And there’s always going to be some profit taking, especially during price jumps. But the bigger picture is that Bitcoin is now becoming core assets in traditional portfolios, not just speculative trade.
We see a lot of institutions coming into the space, opening institutional accounts within exchanges and showing the interest.
And this current ETF wave is more than a sign of structural take. It feels like institutions are buying in quietly and they’re definitely not planning to leave anytime soon. And that’s exactly what I see coming from the exchange side as well.
Michael
I largely agree with what Laura said. It’s a momentum play. A lot of people want to get in because it’s hot.
Companies have seen other companies get into the cryptocurrency space, the blockchain space.
Evan
I am not sure what’s going on with my audio. It seems that everybody else can hear, but not me. So I’m going to work on that and let you guys continue the discussion.

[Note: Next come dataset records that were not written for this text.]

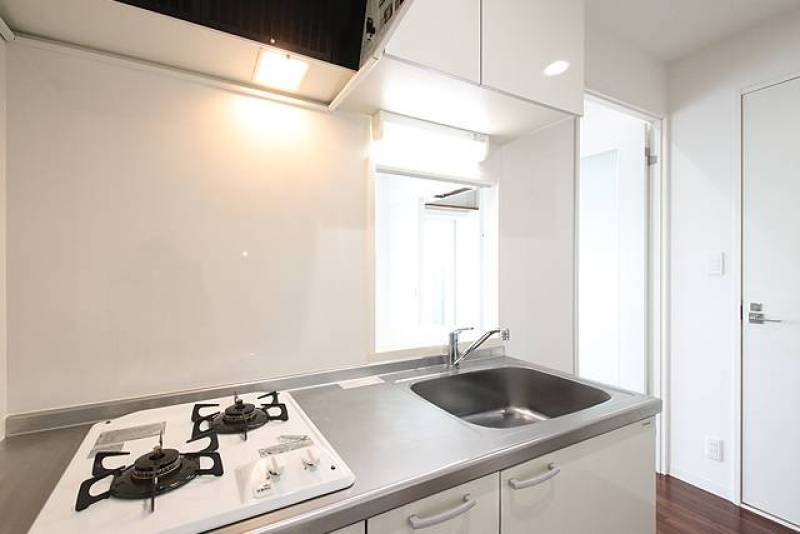 2口コンロのキッチン。調理中猫ちゃんが入れないよう仕切り有。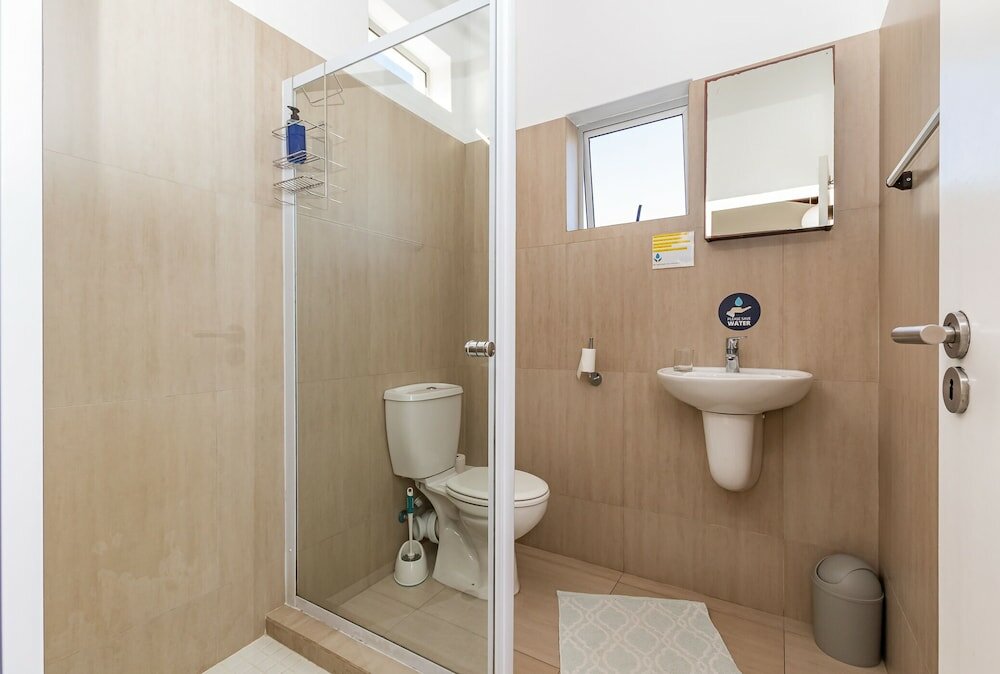 Фото Admiralty B&b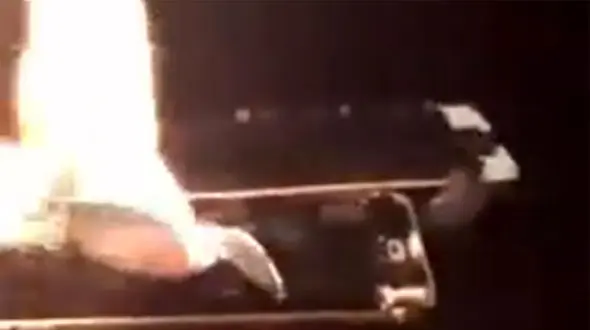 ببینید / حرکت دور از عقل یک دختر جوان؛ منفجر شدن باتری گوشی مقابل صورت!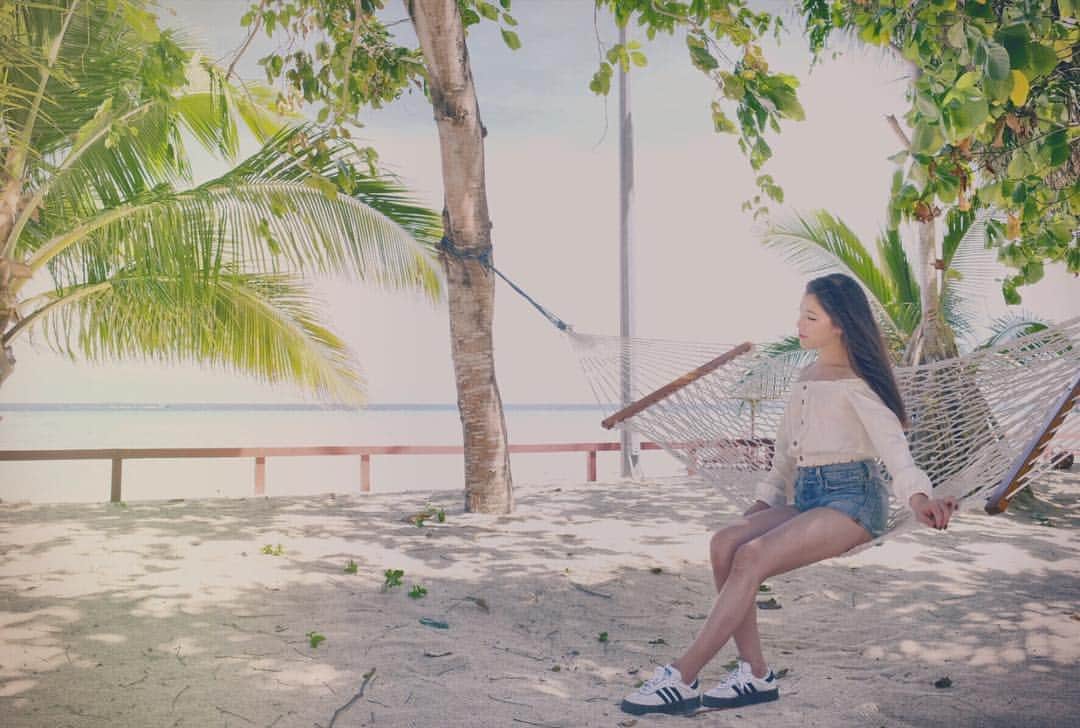 王詩エツのインスタグラム：「🌴🌴🥥🥥🌊🌊 Some memories from the beach~~」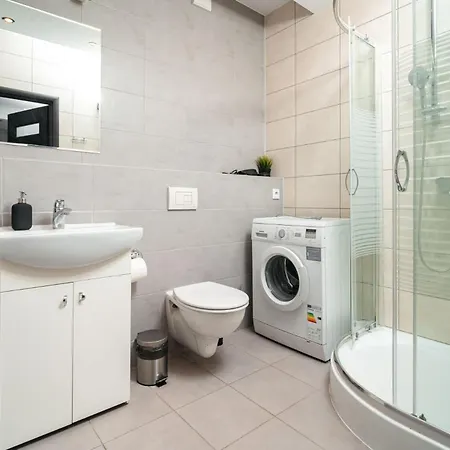 Cichy W Centrum Miasta - Balkon & Klimatyzacja - Riverside Vista By Uniquerent
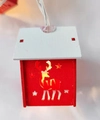 Luz LED de casita navideña de madera roja con reno calado y brillo amarillo cálido - Casa Roja Techo Blanco Reno / 1.5m 10 Luces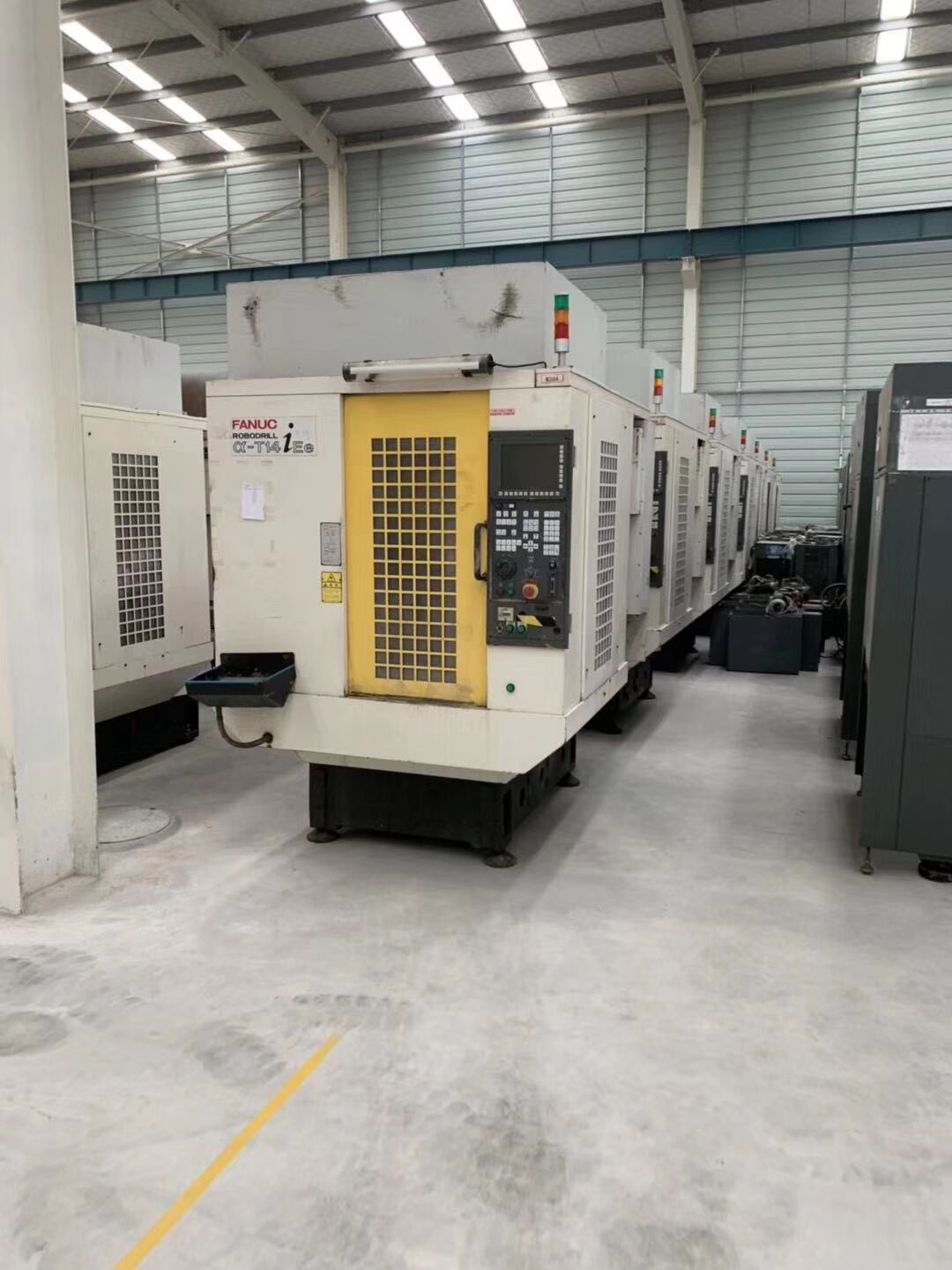 厂家批发 钻孔攻牙机 cnc钻攻中心发那科t5数控机床全自动钻攻机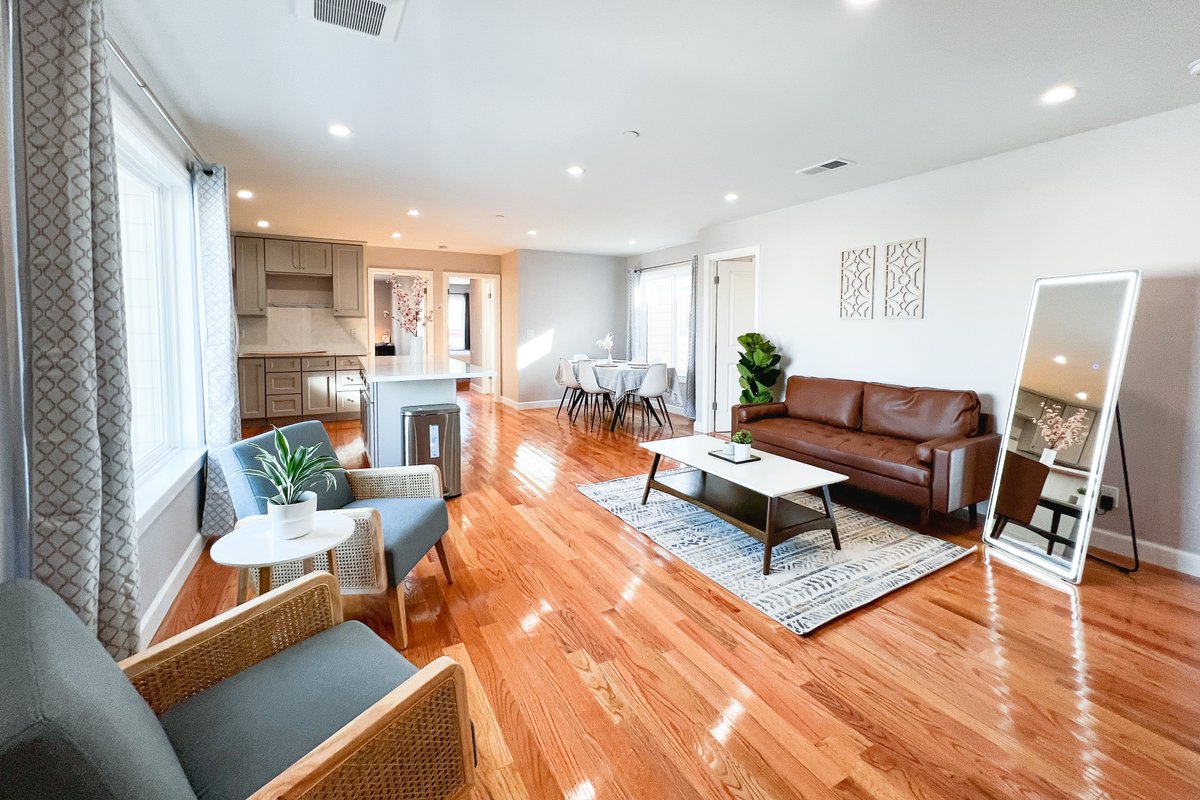 8bd/8ba Unique Spacious Clean Home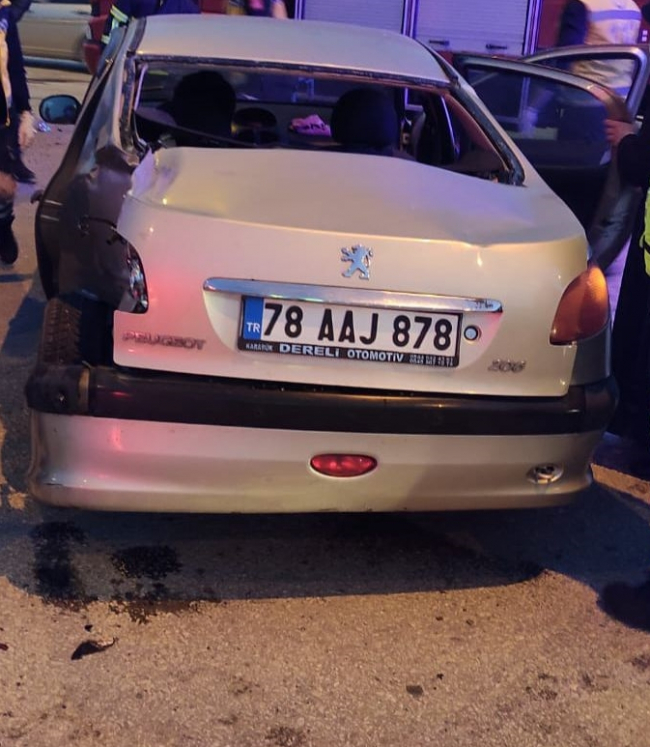Karabük'te trafik kazası: 3 yaralı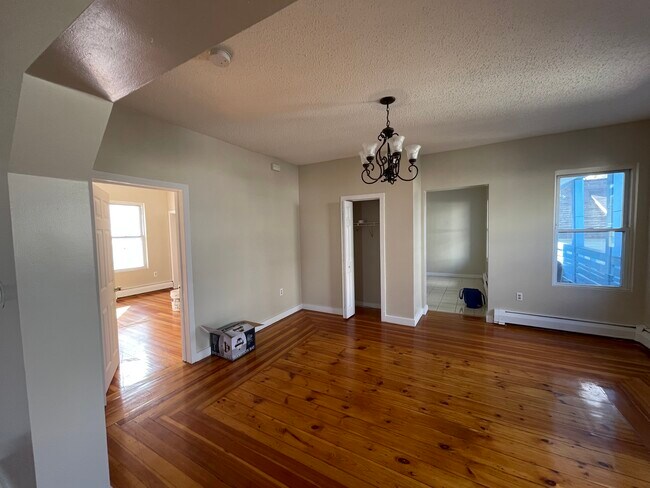 Building Photo - 509 Haverhill St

And I don’t understand because I was hearing you just fine a moment ago.
Michael
Yeah, that’s the problem with X spaces is that there’s just so many issues and bugs with it. But anyway, just answering the question quickly. Yeah, I think it’s mainly a momentum play.
People have seen the stock price going up when they’ve announced that they’re doing something with crypto. Not even just like buying Bitcoin, but any sort of stable coin announcement.
For example, in Korea, if companies announced that they’re engaging in a stable coin play, some of their stocks have gone up 20, 30 plus percent in a single day.
So obviously, a lot of people, a lot of companies want to get in because they see that valuations are going up.
And that’s obviously a clear sign of a bull market. I don’t think it would last forever because there’s always bull and bear cycles in the spaces that we’re all very familiar with.
But the trend is definitely very clear that it’s going up. More and more institutions are coming in. More money is coming in.
It’s a wall of institutional money that’s going to make asset prices and crypto prices, in my opinion, go higher over the long term.
I think there’s a lot of staying power there because institutions are not like retail and that they’re not as fickle. They’re not going to come in and go out as quickly as retail usually does during market cycles.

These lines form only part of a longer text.